=== Activity ===
The lines below, from the one containing "A three-year-old girl" through the one containing "Θεραπεία Αντιγήρανσης Χεριών", should be set down exactly, with no pictures and nothing else.

=== Exercise input ===
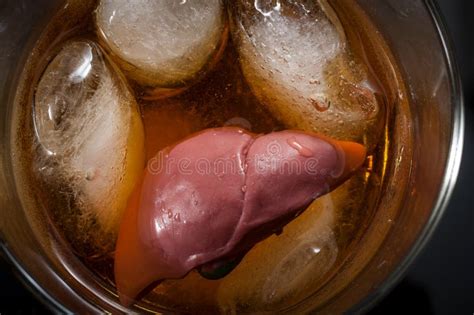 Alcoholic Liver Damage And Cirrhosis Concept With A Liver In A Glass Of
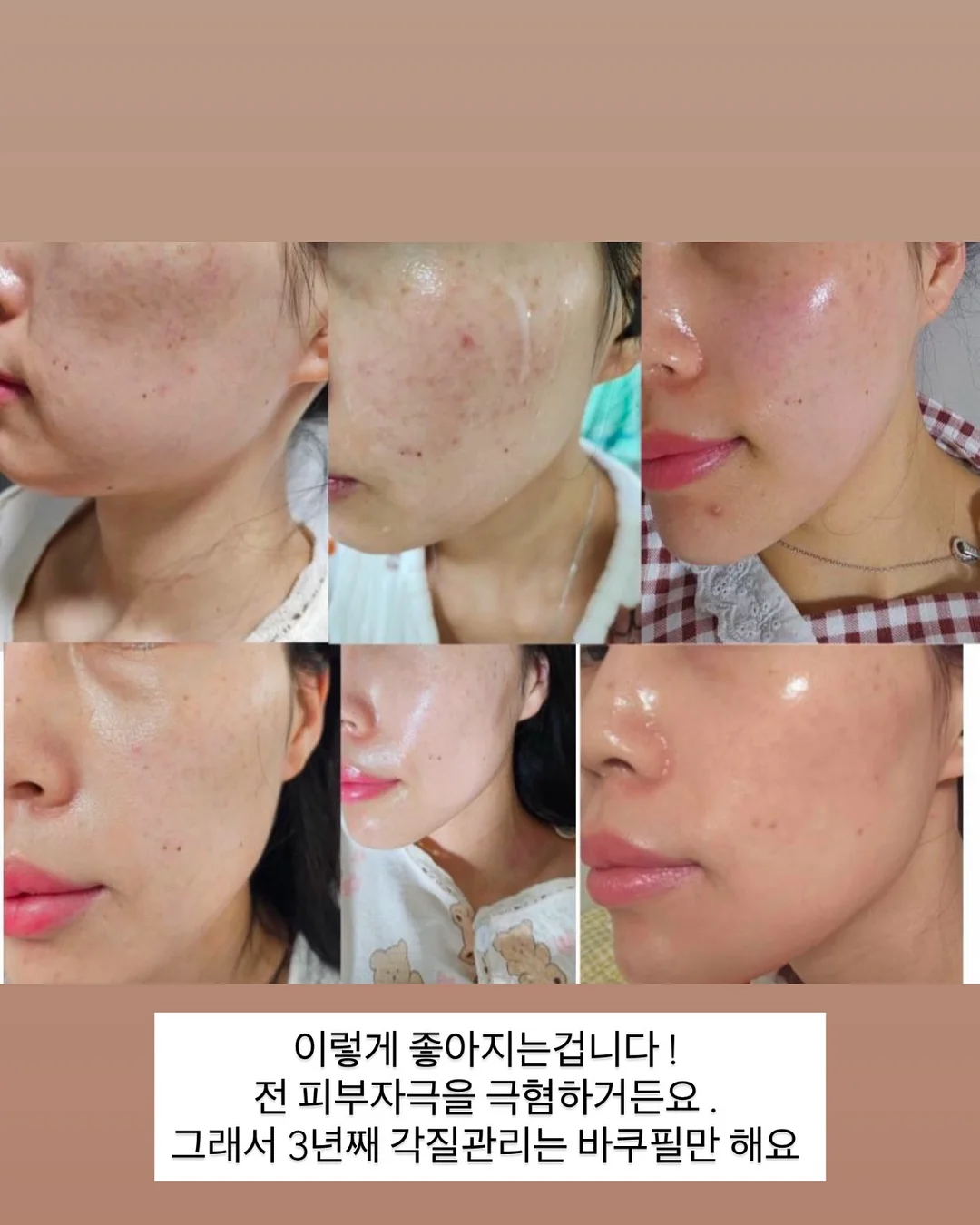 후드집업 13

* * *

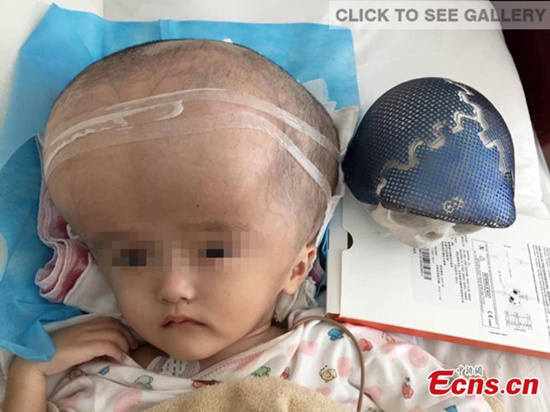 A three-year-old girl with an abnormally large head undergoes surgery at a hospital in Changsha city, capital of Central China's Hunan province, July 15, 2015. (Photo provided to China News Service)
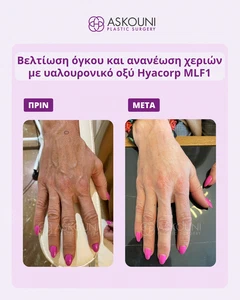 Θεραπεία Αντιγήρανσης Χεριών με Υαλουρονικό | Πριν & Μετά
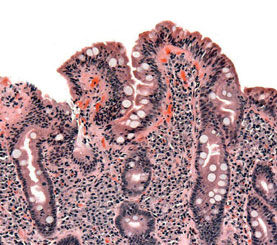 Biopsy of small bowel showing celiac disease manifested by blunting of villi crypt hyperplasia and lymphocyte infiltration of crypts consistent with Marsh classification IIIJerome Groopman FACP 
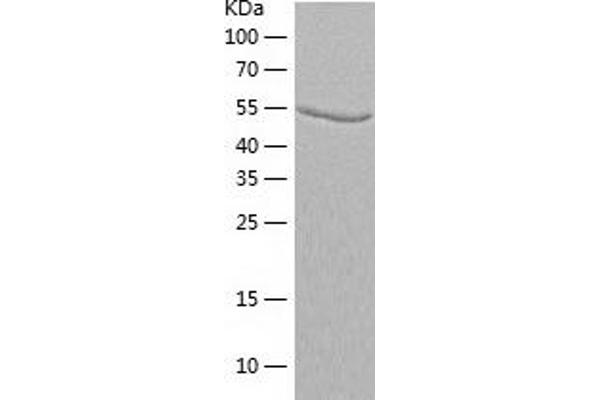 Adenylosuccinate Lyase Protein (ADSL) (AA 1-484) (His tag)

---

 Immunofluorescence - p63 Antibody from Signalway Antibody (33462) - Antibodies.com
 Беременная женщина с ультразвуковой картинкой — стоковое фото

=== Response box ===
 A three-year-old girl with an abnormally large head undergoes surgery at a hospital in Changsha city, capital of Central China's Hunan province, July 15, 2015. (Photo provided to China News Service)
 Θεραπεία Αντιγήρανσης Χεριών με Υαλουρονικό | Πριν & Μετά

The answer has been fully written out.